I'm using some functional stuff in C# and keep getting stuck on the fact that List.Add doesn't return the updated list.
In general, I'd like to call a function on an object and then return the updated object.
For example it would be great if C# had a comma operator:
((accum, data) => accum.Add(data), accum)
I could write my own "comma operator" like this:
static T comma(Action a, Func<T> result) {
a();
return result();
}
It looks like it would work but the call site would ugly. My first example would be something like:
((accum, data) => comma(accum.Add(data), ()=>accum))
Enough examples! What's the cleanest way to do this without another developer coming along later and wrinkling his or her nose at the code smell?
I know this as Fluent.
A Fluent example of a List.Add using Extension Methods
static List<T> MyAdd<T>(this List<T> list, T element)
{
list.Add(element);
return list;
}
I know that this thread is very old, but I want to append the following information for future users:
There isn't currently such an operator. During the C# 6 development cycle a semicolon operator was added, as:
int square = (int x = int.Parse(Console.ReadLine()); Console.WriteLine(x - 2); x * x);
which can be translated as follows:
int square = compiler_generated_Function();
[MethodImpl(MethodImplOptions.AggressiveInlining)]
private int compiler_generated_Function()
{
int x = int.Parse(Console.ReadLine());
Console.WriteLine(x - 2);
return x * x;
}
However, this feature was dropped before the final C# release.
You can do almost exactly the first example naturally using code blocks in C# 3.0.
((accum, data) => { accum.Add(data); return accum; })
This is what Concat http://msdn.microsoft.com/en-us/library/vstudio/bb302894%28v=vs.100%29.aspx is for. Just wrap a single item in an array. Functional code should not mutate the original data. If performance is a concern, and this isn't good enough, then you'll no longer be using the functional paradigm.
((accum, data) => accum.Concat(new[]{data}))

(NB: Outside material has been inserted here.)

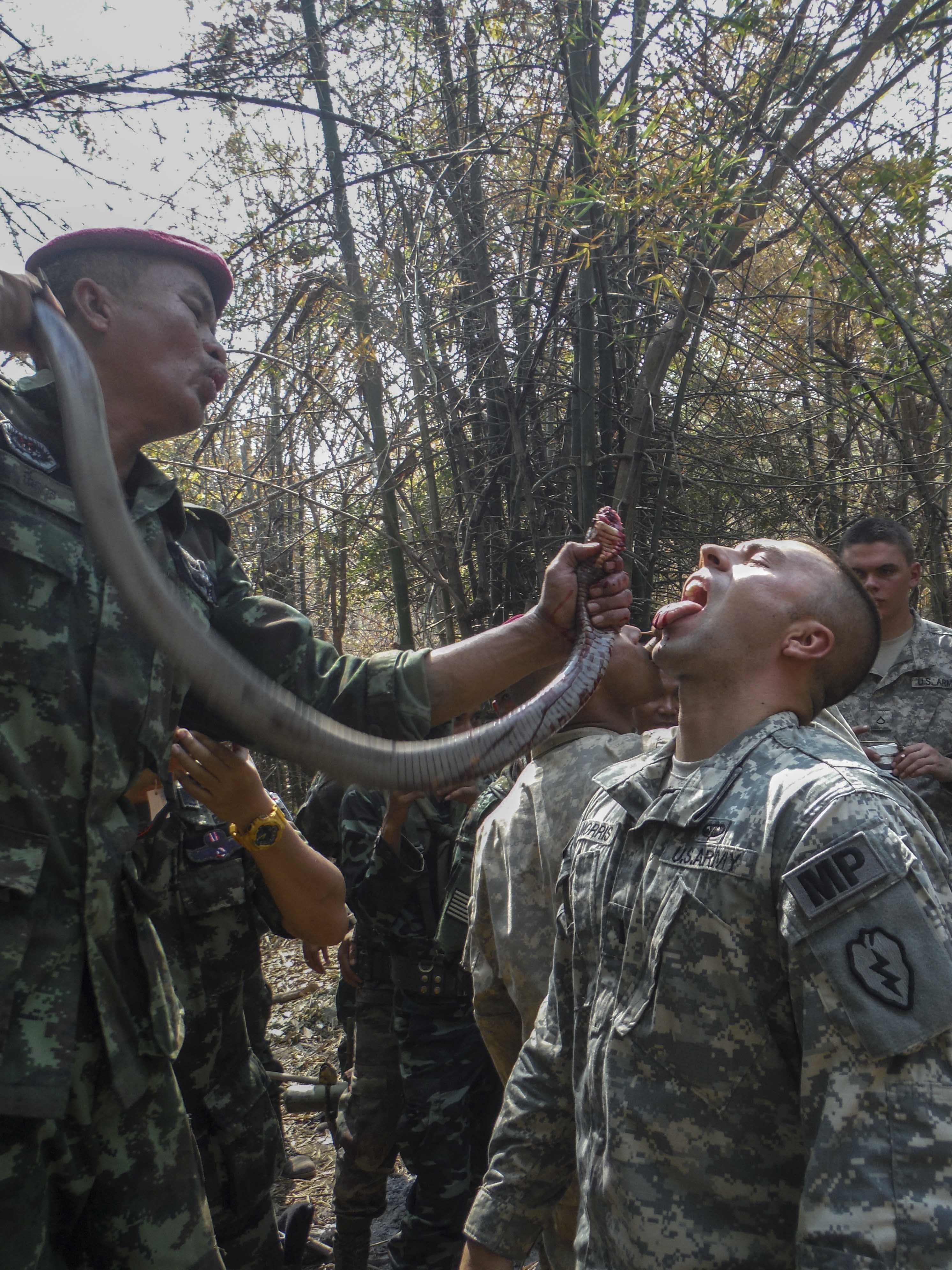 US soldiers learn to survive in Thailand [Image 2 of 3]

Another technique, straight from functional programming, is as follows. Define an IO struct like this:
/// <summary>TODO</summary>
public struct IO<TSource> : IEquatable<IO<TSource>> {
/// <summary>Create a new instance of the class.</summary>
public IO(Func<TSource> functor) : this() { _functor = functor; }
/// <summary>Invokes the internal functor, returning the result.</summary>
public TSource Invoke() => (_functor | Default)();
/// <summary>Returns true exactly when the contained functor is not null.</summary>
public bool HasValue => _functor != null;
X<Func<TSource>> _functor { get; }
static Func<TSource> Default => null;
}
and make it a LINQ-able monad with these extension methods:
[SuppressMessage("Microsoft.Naming", "CA1724:TypeNamesShouldNotMatchNamespaces")]
public static class IO {
public static IO<TSource> ToIO<TSource>( this Func<TSource> source) {
source.ContractedNotNull(nameof(source));
return new IO<TSource>(source);
}
public static IO<TResult> Select<TSource,TResult>(this IO<TSource> #this,
Func<TSource,TResult> projector
) =>
#this.HasValue && projector!=null
? New(() => projector(#this.Invoke()))
: Null<TResult>();
public static IO<TResult> SelectMany<TSource,TResult>(this IO<TSource> #this,
Func<TSource,IO<TResult>> selector
) =>
#this.HasValue && selector!=null
? New(() => selector(#this.Invoke()).Invoke())
: Null<TResult>();
public static IO<TResult> SelectMany<TSource,T,TResult>(this IO<TSource> #this,
Func<TSource, IO<T>> selector,
Func<TSource,T,TResult> projector
) =>
#this.HasValue && selector!=null && projector!=null
? New(() => { var s = #this.Invoke(); return projector(s, selector(s).Invoke()); } )
: Null<TResult>();
public static IO<TResult> New<TResult> (Func<TResult> functor) => new IO<TResult>(functor);
private static IO<TResult> Null<TResult>() => new IO<TResult>(null);
}
and now you can use the LINQ comprehensive syntax thus:
using Xunit;
[Fact]
public static void IOTest() {
bool isExecuted1 = false;
bool isExecuted2 = false;
bool isExecuted3 = false;
bool isExecuted4 = false;
IO<int> one = new IO<int>( () => { isExecuted1 = true; return 1; });
IO<int> two = new IO<int>( () => { isExecuted2 = true; return 2; });
Func<int, IO<int>> addOne = x => { isExecuted3 = true; return (x + 1).ToIO(); };
Func<int, Func<int, IO<int>>> add = x => y => { isExecuted4 = true; return (x + y).ToIO(); };
var query1 = ( from x in one
from y in two
from z in addOne(y)
from _ in "abc".ToIO()
let addOne2 = add(x)
select addOne2(z)
);
Assert.False(isExecuted1); // Laziness.
Assert.False(isExecuted2); // Laziness.
Assert.False(isExecuted3); // Laziness.
Assert.False(isExecuted4); // Laziness.
int lhs = 1 + 2 + 1;
int rhs = query1.Invoke().Invoke();
Assert.Equal(lhs, rhs); // Execution.
Assert.True(isExecuted1);
Assert.True(isExecuted2);
Assert.True(isExecuted3);
Assert.True(isExecuted4);
}
When one desires an IO monad that composes but returns only void, define this struct and dependent methods:
public struct Unit : IEquatable<Unit>, IComparable<Unit> {
[CLSCompliant(false)]
public static Unit _ { get { return _this; } } static Unit _this = new Unit();
}
public static IO<Unit> ConsoleWrite(object arg) =>
ReturnIOUnit(() => Write(arg));
public static IO<Unit> ConsoleWriteLine(string value) =>
ReturnIOUnit(() => WriteLine(value));
public static IO<ConsoleKeyInfo> ConsoleReadKey() => new IO<ConsoleKeyInfo>(() => ReadKey());
which readily allow the writing of code fragments like this:
from pass in Enumerable.Range(0, int.MaxValue)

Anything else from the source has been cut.